If Google Compute Engine is going to truly cut into Amazon’s pie, it will need to mature and evolve its SLA. An SLA is the governing document between vendor and customer, and good customer service is one heck of a differentiator for a company entering a new market. Senior Wikibon Analyst Stu Miniman recently provided a Vendor Survival Guide for Competing with Amazon AWS; and in that survival guide he explained that the vendor (in our case GCE) has to meet the speed and ease of AWS. Google, known for its self-serve customer service approach, needs to double down on its support with GCE if it hopes to compete with Amazon’s or even Rackspace’s hands-on approach to support. Equally so, 24x7x365 phone support would be a well-positioned service offering to gain new enterprises and/or help lure them away from AWS.
Public cloud providers are competing fiercely for market share, and price is an important aspect of their marketing efforts. Infrastructure-as-a-Service (IaaS) is the back-alley street fight for web giants that would make Blanka and Guile from Street Fighter proud. What is stacking up (pun intended) is a David (Rackspace) vs. Goliath (Amazon Web Services) vs. Goliah (Google Compute Engine) scenario. These three active providers in the public cloud pricing war seem to be in a race to rock-bottom prices. Can Rackspace continue to keep up with the deep pockets of Amazon Web Services and Google Compute Engine?

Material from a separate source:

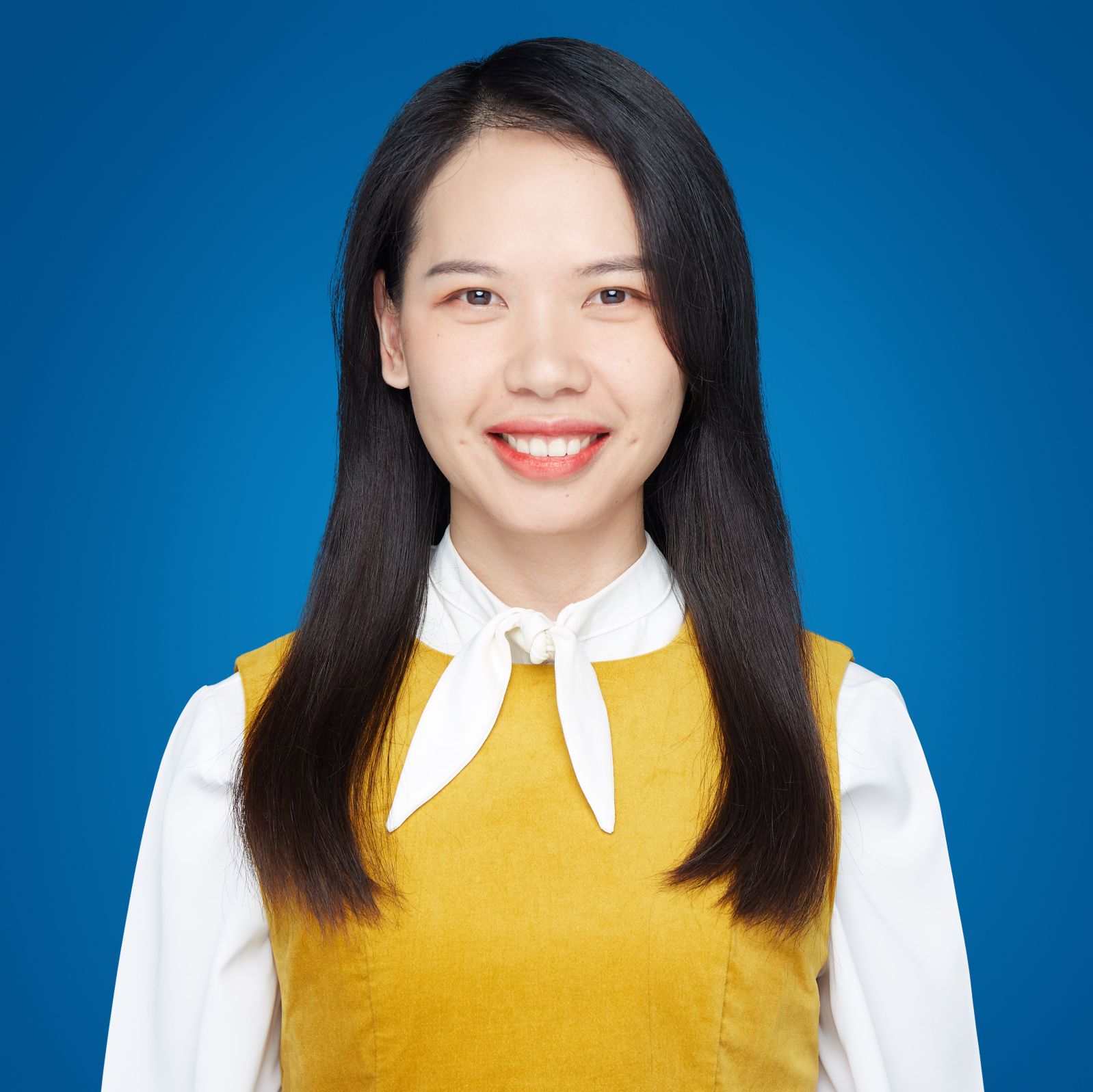 陈美英头像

Wikibon’s senior analyst Stu Miniman recently sized up the public cloud playing field, giving some action items for the CIO, briefly highlighting some of the pros and cons. Public cloud providers are making a strong play for the enterprise, commoditizing hyperscale infrastructure at its finest. The move to an Infrastructure-as-a-Service model is a high-dollar decision though, so do the pros outweigh the cons?

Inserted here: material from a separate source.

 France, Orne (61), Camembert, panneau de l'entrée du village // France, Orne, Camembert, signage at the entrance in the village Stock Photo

Here are my takeaways for the CIO from last week’s coverage:
- The race is Amazon AWS vs. Google Compute Engine (GCE) vs. everyone else in the public cloud.

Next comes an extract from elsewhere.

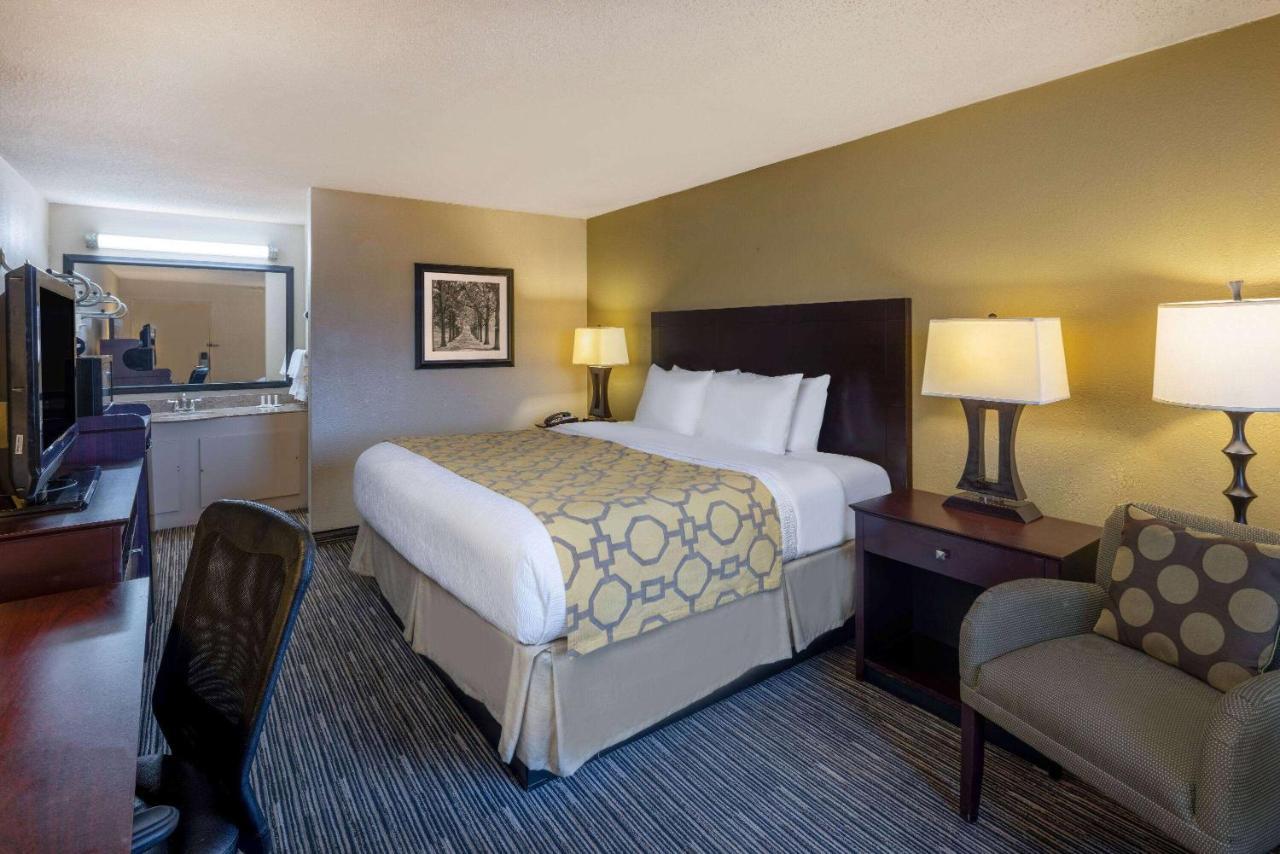 Baymont By Wyndham Columbus Ga Hotel Kültér fotó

- The enterprise cloud is going to best be served as a public and private hybrid.
- Service Level Agreements (SLAs) will continue to change as differentiators, sometimes dramatically, with the growing service providers.
- The maturity of the Infrastructure-as-a-Service industry is far too young to make any all-encompasing bets.
- Storage, Computing, Infrastructure, Services and Networking is moving towards the cloud. Whether 100 percent or 50 percent, on-premise will eventually become minimal.
All-in-all, the commoditization of the cloud, both public and private, is happening all around us. As far as choosing winners and losers, the CIO needs to keep a keen eye on the next eight to fourteen months for the first ball to drop.